Dietro il profondo cinismo del presidente russo si nasconde la convinzione che la Russia abbia un passato antico e ininterrotto di cui fa parte anche l’Ucraina

Il principe danese Rørek, scrive Sassone, assiste alla rivalità tra due fratelli capi tribù: Feng e Orvendil. Colpito dal valore di Orvendil, Rørek gli dà in moglie Gerutha. Feng, accecato dalla gelosia, uccide il fratello e sposa Gerutha. Testimone di tutto è il figlio di Orvendil, nipote di Rørek, che per sfuggire alla stessa sorte si finge pazzo e intanto pianifica la sua vendetta. Il suo nome è Amleth. Shakespeare lo ha reso immortale chiamandolo Amleto.

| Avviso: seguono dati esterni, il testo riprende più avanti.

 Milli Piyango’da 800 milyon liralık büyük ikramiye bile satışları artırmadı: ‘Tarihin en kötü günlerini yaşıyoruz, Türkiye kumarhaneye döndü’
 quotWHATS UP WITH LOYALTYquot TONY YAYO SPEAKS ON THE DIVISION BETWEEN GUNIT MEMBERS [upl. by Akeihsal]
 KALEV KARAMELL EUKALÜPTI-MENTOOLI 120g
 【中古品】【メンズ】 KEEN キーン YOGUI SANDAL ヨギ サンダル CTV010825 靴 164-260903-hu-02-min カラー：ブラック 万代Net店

Rørek si staglia quindi sullo sfondo del più grande dei drammi shakespeariani, ma non ha alcun ruolo nell’origine dello stato russo. Putin, tuttavia, sembra tenere particolarmente alla sua versione del passato dell’Europa orientale, e all’idea che la guerra sia necessaria per rendere vera la narrazione. Si può credere in qualcosa d’irreale e poi metterlo in scena, trascinando gli altri in una trasformazione violenta. Hannah Arendt definiva tutto questo totalitarismo.

Sembra una follia sostenere che una terra possa essere rivendicata e conquistata sulla base di un popolo inesistente, frutto della lettura erronea di una storia traballante tratta da un antico racconto dove le città vengono espugnate dai bambini, le guerre si decidono con delle gare di lotta e un sovrano muore per via di una profezia legata a un cavallo. O forse è la politica che rimodella il mondo con la morte e la distruzione per farlo corrispondere all’arte.

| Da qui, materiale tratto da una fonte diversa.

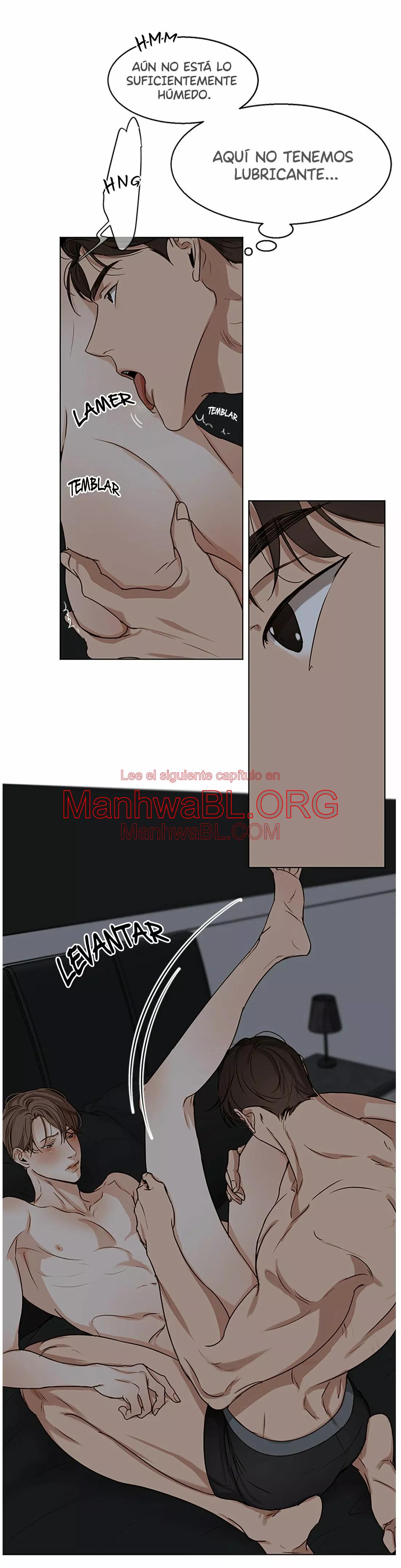 Secondo Piatto - Capítulo 22 manhwa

Più di un secolo fa, mentre l’impero russo canonizzava la figura di Rørek, i pensatori ucraini seguivano una strada completamente diversa. Inventavano la storia sociale (Mychajlo Hruševskyj), sottolineavano l’importanza dell’incontro culturale per la consapevolezza di sé (Ivan Franko) e per la costruzione dello stato (Vyacheslav Lypynsky), e recuperavano elementi del passato classico di Scizia e Grecia (Lesja Ukraïnka). Oggi questi autori stanno vivendo una rinascita. Mentre nell’Ucraina segnata dalla guerra fioriscono le scienze umane e gli studiosi pubblicano storie dal respiro globale, lo stato aggressore introduce forme estreme della politica della memoria, imponendo una visione ufficiale di una Russia eterna e incontaminata.

Se un dittatore come Putin può sostenere che la storia si è cristallizzata in un determinato momento, allora tutto ciò che è accaduto in momenti diversi diventa metafisicamente sbagliato. Se davvero si può dire che l’Ucraina del 2025 appartiene alla Russia perché un dittatore russo si rifà a una leggenda su un vichingo dell’860, allora le decine di milioni di persone che vivono oggi in quel paese non hanno voce nella definizione della loro identità. Non gli resta che subire esecuzioni, torture e il rapimento dei figli.

La metafisica medievale si fonde con la propaganda della post-verità. Quando la guerra di Putin è cominciata, nel 2014, la rivendicazione degli antichi diritti ha coinciso con un’intensa attività sui social network, prima per mascherare l’invasione russa della Crimea e di altre zone del sud e sudest dell’Ucraina, poi per sostenere la Brexit, infine per appoggiare la campagna presidenziale di Trump. Vladislav Surkov, consigliere di Putin, è stato uno dei principali artefici della svolta post-verità della politica interna ed estera russa: un modello in cui un paese può invaderne un altro basandosi su una favola del passato, negare l’aggressione grazie a sofisticate tattiche digitali e uscirne addirittura vincitore.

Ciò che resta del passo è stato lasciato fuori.